== Segment start ==

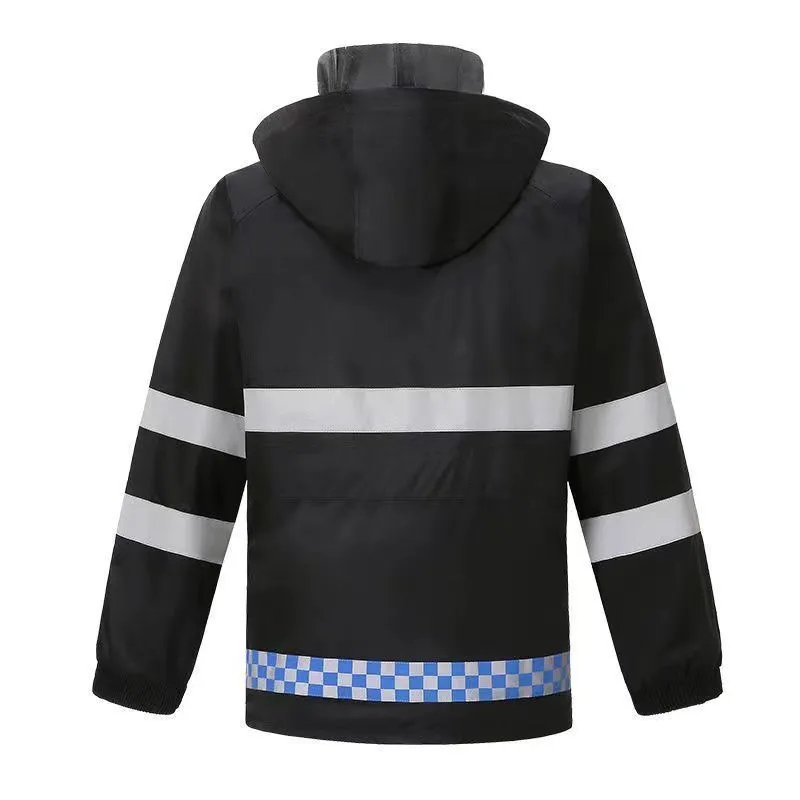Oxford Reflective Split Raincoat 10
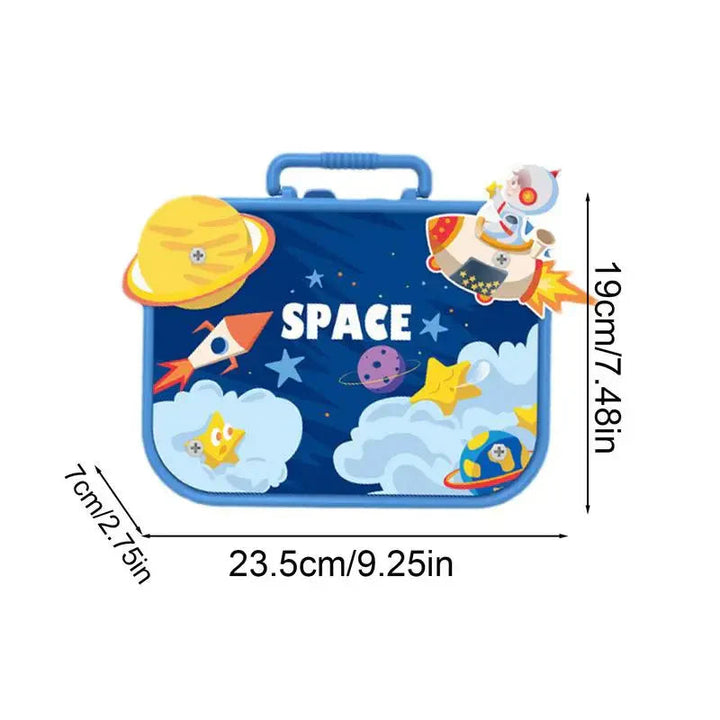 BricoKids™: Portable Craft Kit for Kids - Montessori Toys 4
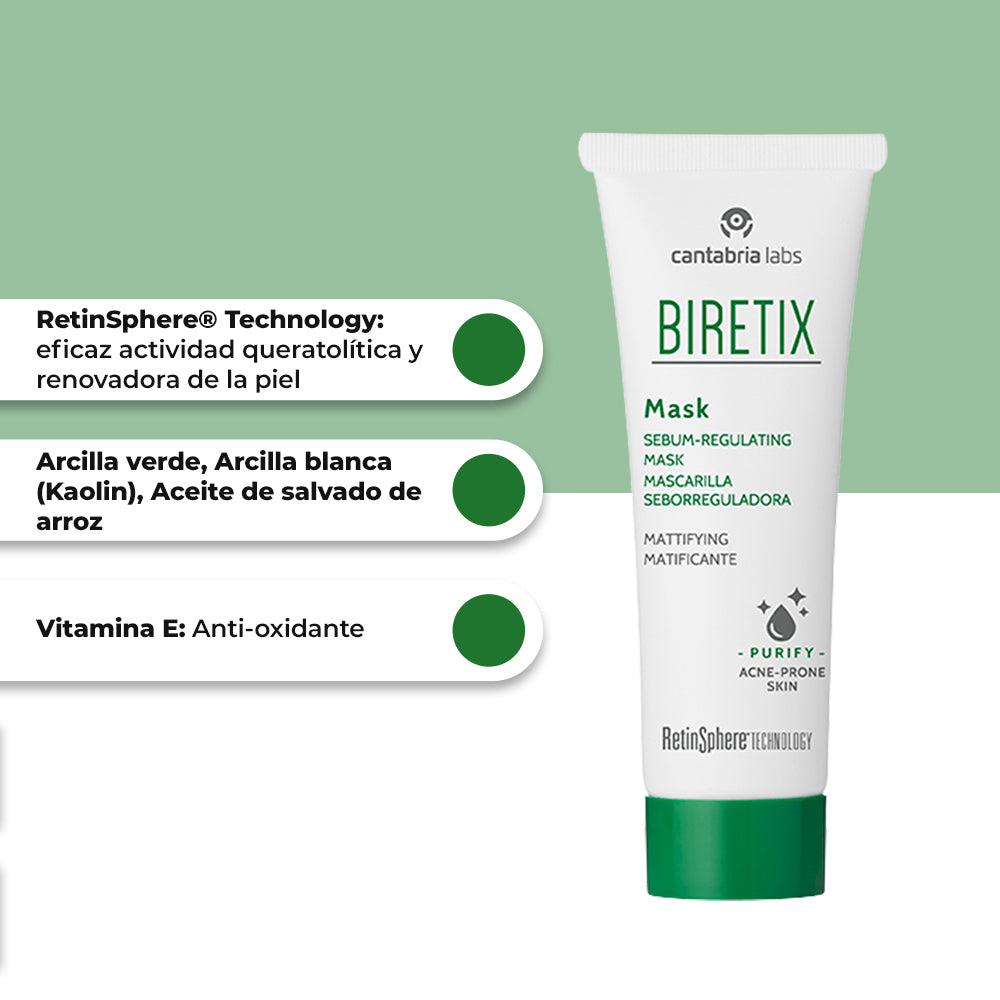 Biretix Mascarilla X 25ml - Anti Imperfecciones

== Segment end ==

WHAT YOU ARE ASKED TO DO> Nothing but the pictures may be dropped; restate the material word for word.

ANSWER FOR THIS EXERCISE>
Oxford Reflective Split Raincoat 10
 BricoKids™: Portable Craft Kit for Kids - Montessori Toys 4
 Biretix Mascarilla X 25ml - Anti Imperfecciones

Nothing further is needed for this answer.